1961 Anayasası'nın bütün bu yaşananlardan dersler çıkararak anayasal kural ve kurum haline getirmeye çalıştığı "yargı bağımsızlığı", "yargıç teminatı" gibi düzenlemelere karşın, yargı erkini ellerinde tutanlar, olağanüstü dönemlerde siyasi müdahalelere karşı yine yeterince dirençli olamadılar.
12 Mart 1971 Muhtırası sonrasının yargılamaları, Yassıada Mahkemelerinin bir tür rövanşı haline dönüştürüldü. 27 Mayıs Mahkemelerinin haksız idam kararlarının öcü, 12 Mart Mahkemelerinde yine haksız idam kararlarıyla alınmaya çalışıldı. Siyasi erke hizmette kusur etmemeye çalışan yargı mensupları, verdikleri adaletsiz kararlarla adalete karşı büyük kusur işlediler; toplumda derin ve onulmaz yaralar açılmasına neden oldular.
1980 Sonrasında Sıkıyönetim Mahkemelerinin acımasızca verdiği idam cezaları konusunda 12 Eylül'ün 'darbedarı' Evren'in, 'bir sağdan bir soldan astık" sözleri, 28 Şubat'ta yargı mensuplarına Genelkurmay'da verilen brifingler, yargı erkinin siyasetin emrinde nasıl bir infaz mekanizmasına dönüştüğünün iç karartan ve yüz kızartan örnekleri olarak hafızalarda tazeliğini koruyor.

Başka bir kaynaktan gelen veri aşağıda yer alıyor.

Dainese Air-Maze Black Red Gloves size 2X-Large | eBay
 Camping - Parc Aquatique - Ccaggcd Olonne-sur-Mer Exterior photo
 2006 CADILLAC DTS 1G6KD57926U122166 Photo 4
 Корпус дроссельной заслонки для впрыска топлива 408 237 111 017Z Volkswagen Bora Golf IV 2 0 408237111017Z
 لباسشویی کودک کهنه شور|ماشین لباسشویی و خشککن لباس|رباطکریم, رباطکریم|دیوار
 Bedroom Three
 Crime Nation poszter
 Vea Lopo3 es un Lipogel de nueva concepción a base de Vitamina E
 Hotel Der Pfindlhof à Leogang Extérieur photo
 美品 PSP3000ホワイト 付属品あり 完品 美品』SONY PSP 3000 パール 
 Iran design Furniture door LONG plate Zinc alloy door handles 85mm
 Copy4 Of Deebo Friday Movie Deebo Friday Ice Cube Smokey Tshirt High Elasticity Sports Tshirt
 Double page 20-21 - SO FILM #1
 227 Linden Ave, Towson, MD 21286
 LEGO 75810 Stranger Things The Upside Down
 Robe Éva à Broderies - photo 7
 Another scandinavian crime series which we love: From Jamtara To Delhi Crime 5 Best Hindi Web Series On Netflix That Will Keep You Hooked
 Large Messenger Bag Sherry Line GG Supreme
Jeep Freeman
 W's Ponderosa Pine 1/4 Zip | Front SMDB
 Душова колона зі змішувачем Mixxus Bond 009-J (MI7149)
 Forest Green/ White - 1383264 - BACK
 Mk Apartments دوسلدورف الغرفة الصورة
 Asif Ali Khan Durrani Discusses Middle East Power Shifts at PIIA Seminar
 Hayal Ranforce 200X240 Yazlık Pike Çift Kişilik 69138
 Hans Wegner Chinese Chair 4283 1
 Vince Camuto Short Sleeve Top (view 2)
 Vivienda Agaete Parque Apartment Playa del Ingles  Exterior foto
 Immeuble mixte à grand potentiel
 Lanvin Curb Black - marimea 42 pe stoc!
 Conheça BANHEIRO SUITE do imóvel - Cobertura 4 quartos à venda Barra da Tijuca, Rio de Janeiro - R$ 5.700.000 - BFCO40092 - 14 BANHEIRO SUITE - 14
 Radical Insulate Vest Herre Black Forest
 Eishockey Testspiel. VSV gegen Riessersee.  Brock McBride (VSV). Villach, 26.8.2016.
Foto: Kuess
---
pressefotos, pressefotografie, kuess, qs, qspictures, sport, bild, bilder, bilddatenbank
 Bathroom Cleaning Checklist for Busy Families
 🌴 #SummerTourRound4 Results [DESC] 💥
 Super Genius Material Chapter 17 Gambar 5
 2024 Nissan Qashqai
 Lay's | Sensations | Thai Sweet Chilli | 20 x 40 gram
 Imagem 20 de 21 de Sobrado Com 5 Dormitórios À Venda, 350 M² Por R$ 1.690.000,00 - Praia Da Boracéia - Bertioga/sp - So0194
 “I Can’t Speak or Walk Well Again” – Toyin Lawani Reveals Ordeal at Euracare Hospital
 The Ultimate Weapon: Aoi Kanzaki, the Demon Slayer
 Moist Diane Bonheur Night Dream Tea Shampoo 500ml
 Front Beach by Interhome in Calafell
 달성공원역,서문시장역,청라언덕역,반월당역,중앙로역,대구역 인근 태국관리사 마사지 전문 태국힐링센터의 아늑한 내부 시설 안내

Ergenekon ve Balyoz Davaları sırasında, yargı erkini kullananların da, siyasi gücü kullananların da bir kısmı bu talihsiz örneklerden ibret almadıklarını gösteren davranışlar sergilediler. Onların tutumu toplumsal barışın derin yaralar almasına, kutuplaşmalara, yargı üzerinden büyük tartışmalar açılmasına yol açtı.
Uyuşmazlıkları, anlaşmazlıkları adaletin terazisinde tartarak, verdiği kararlarla uzlaşma sağlaması gereken yargı, tam tersine kullandığı yöntem ve uyguladığı toptancı tavırlarla yeni tartışmalara neden oldu. Bugün hala karşı karşıya kaldığımız sorunlara, bu tartışmaların gölgesi düşüyor, olaylara nesnel bakmayı engelleyen taraflılıkları aşmakta zorlanıyoruz.
"Adalet mülkün (toplumun/devletin) temelidir" sözü, boşuna söylenmemiş. Bin yılların içinden süzülüp gelen bir toplum ve devlet deneyimini özetliyor. Bu sözün üzerinde herkesin, iktidarı ve muhalefeti ile tüm siyasetin, en başta da hukukçuların, hukuk uygulayıcılarının, yargı erkini elinde tutanların durması, düşünmesi gerekir.
Siyaset, doğası gereği taraftır, taraflıdır. Bu taraflı çatışma ve çekişmeler içinde hakkı, haklıyı koruyacak, doğruyu yanlıştan, iyiyi kötüden, suçluyu suçsuzdan ayıracak olan yargıdır. Yargı, bu gücü kullanırken adaletin terazisi olmak yerine, siyasetin kılıcı olma yoluna saparsa, sadece adalete zarar vermekle kalmaz, toplumda yaralar açarak, mağduriyetler ve hasımlıklar yaratarak siyasete de büyük zararlar verir.
Yukarıdan buyana olumsuz örneklerini sıraladığımız uygulamaların vebali ve sorumluluğu, sadece o kararları verenlerin boynunda asılı kalmadı, aynı vebal ve sorumluluk dönemin siyasi erkinin siciline de aynen yansıdı.
O nedenle, yargı erkini kullananlar, yaptıkları görevin önemini, neredeyse kutsal bir anlam taşıdığını unutmamalıdır. Bugüne kadar yaşadıklarımızda bu unutkanlığın ve ihmalin payı büyüktür. Adalete, hakkaniyete uygun karardan kimse zarar görmez. 'Şeriatın kestiği parmak acımaz' sözü, hukuka, adalete uygun karara kimsenin itiraz etmeyeceğini, adil bir karardan kimsenin şikayetçi olamayacağını anlatır.
Geldiğimiz yerde, iktidarı muhalefetiyle, siyasetin sorumluluğu elbette azımsanamaz. Ama hukukçular, siyasetin taraflılığına teslim olmak yerine, adaletin terazisini özenle yüksekte tutmaya gayret etseydi, yaşadıklarımızın çoğunu yaşamazdık.
O nedenle, hukukçuların yaşananlardan ders çıkarmasının, her şeye yeniden bakmasının vaktidir. Yargı erkini kullananların siyasete değil, adalete uygun davranışları, siyasetin ülkeyi içine sürüklendiği bu gergin ortamdan kurtulmamıza büyük katkı yapabilir.
Adaletten toplumun beklediği de budur.